Well, it wasn’t actually today, but it was recently… So I get home from work and settle into my after work routine of taking over the kids and as we start playing with toys, getting a snack, and what not, my wife lays this question on me that left me completely taken aback.
She asked me if she could take a shower. I was shocked and dumbfounded, but most of all I was ashamed. Ashamed that the basic psychological needs that every human being requires, including my wife were being asked of me like she’s some orphan in a Charles Dickens story. I was embarrassed that my wife actually felt that she had to ask me if she could take a shower instead of just saying “Hey I’m gonna get in the shower”. I have never told her that she has to ask to take a shower. So I was just completely shocked at the situation. Once I gained my composure I said to her with the sincerest of eyes and the calmest of voice…
“You never have to ask me if you can take a shower, just tell me you are going to get cleaned up. There is absolutely no reason for you to have to ask permission. It is your right to be able to have this personal time.
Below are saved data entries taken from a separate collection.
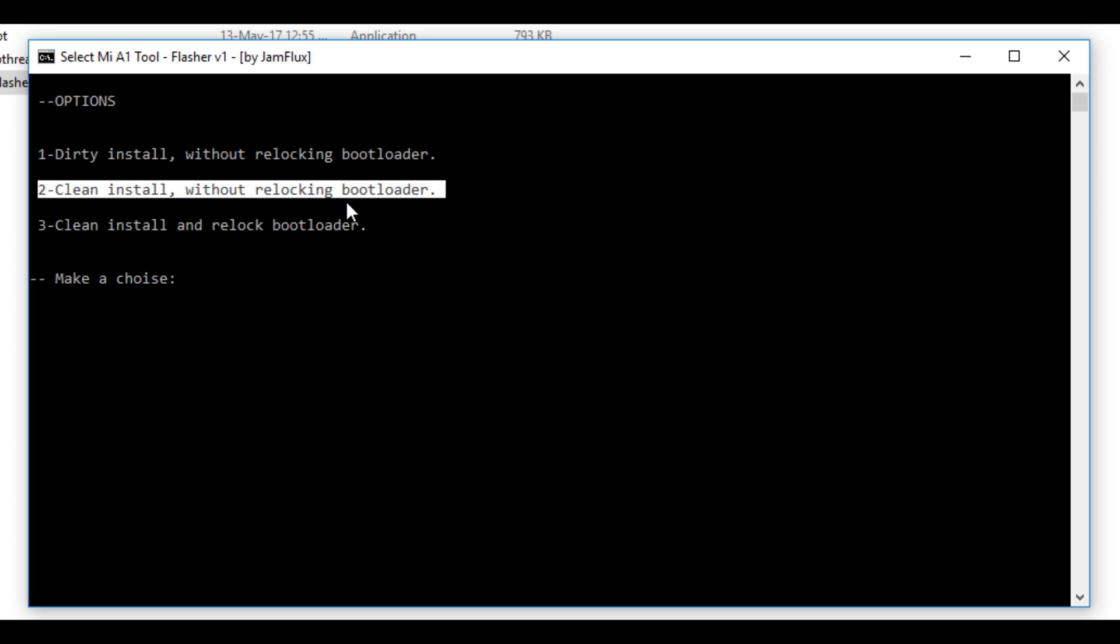Second option says clean install without relocking the bootloader. Meaning it will wipe everything on your device, but it will install completely new version of android oreo on your device and it will not relock the bootloader. If you are facing any type of issues on your mi a1 like force closes or battery drain or anything, I would highly recommend you to choose the second option and not the first one.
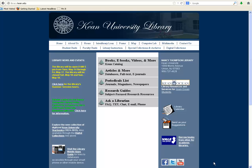Have you ever found yourself saying, 'I don't know where to begin,' when trying to start your work on a research paper? Don't worry, you're not alone. The Kean University Library provides access to hundreds of thousands of books and ebooks, more than 30,000 periodicals, and nearly 200 research databases. It's only natural to feel a bit overwhelmed by all of these potential sources of information. After viewing this brief tutorial, you will be able to implement a few strategies for selecting relevant research tools and jump-starting your research.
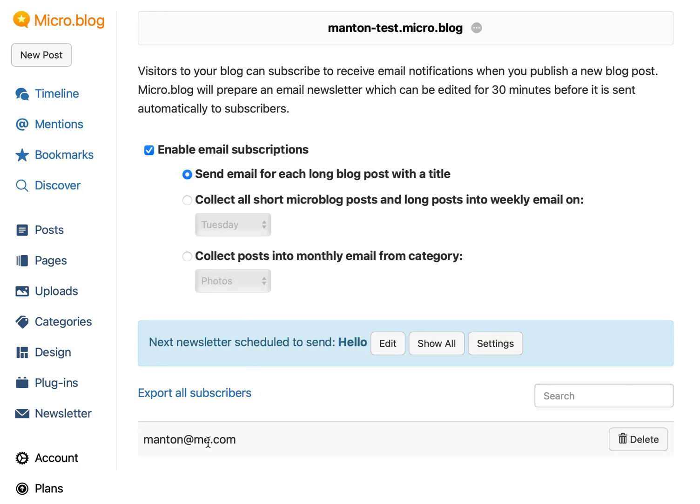Of course, you can see your subscribers at the bottom. I just have one that I'm testing with. If people subscribe, they will get a confirmation email to confirm the subscription. That's the feature — hope you like it.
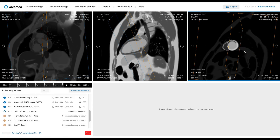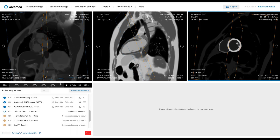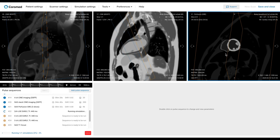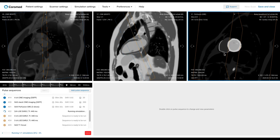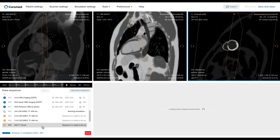As you can see here, we've just gotten our perfusion image, and we can already see a defect coming up in the apical part. We'll look more closely at this defect later on. Right now, let's move on and set up the TI scout.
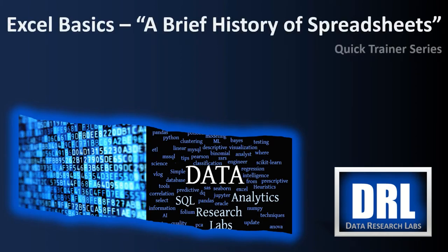Hello and welcome to Data Research Labs. For today's Excel Quick Trainer we are going to discuss a brief history of spreadsheets. This is video number one of a planned playlist of training videos for Excel. The target audience is science students to get you up to speed on Excel quickly.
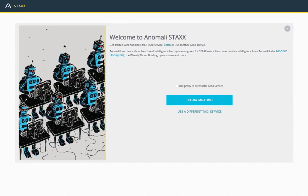Hello and welcome to the first in my new series talking a little bit more around the Anomaly series of threat intelligence solutions. The first I'm going to start with, and it really makes a lot of sense to start with, is what we call Stacks. Stacks is a STIX/TAXII component that allows you to download, view, and investigate threat intelligence data specifically.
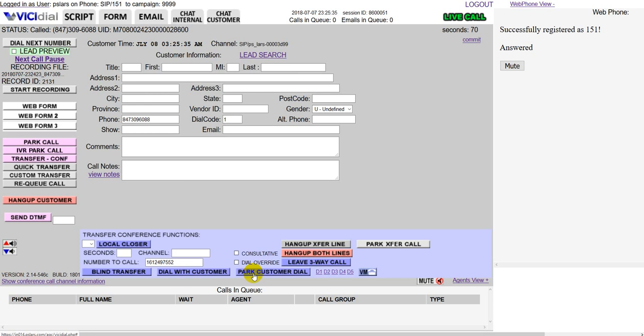And then when it connects, you can say, Hey, I got this guy on the line. He's got this issue. We need to fix it this way. I'm going to connect us. And then you connect everyone together. And those are the three different types of transfers.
So, no matter what I am doing, just tell me and I will drop everything and take over the kids.”
“You never have to ask me if you can take a shower…”
And I meant it. I did not realize that my wife was so worried about interrupting what I am doing just so she can get cleaned up. Any husband that requires their wife to ask to watch the kids so she can get cleaned up is a bum in my opinion. I love my wife so much and I know how hard it can be watching the kids each and everyday. I understand that when she is at home by herself with the kids that she doesn’t always have the time to get in the shower. She relies on me to take over when I get home so she can do what she needs to do. I have no problem with doing my job as a parent so she can refresh.
Just like going to the bathroom, or eating a meal, a shower is a basic necessity and in my opinion should not require any sort permission. Sure, let me know what you plan on doing but never is it OK to have to ask for permission just to take a shower. We’re not running a boot camp over here and I would like to keep it that way.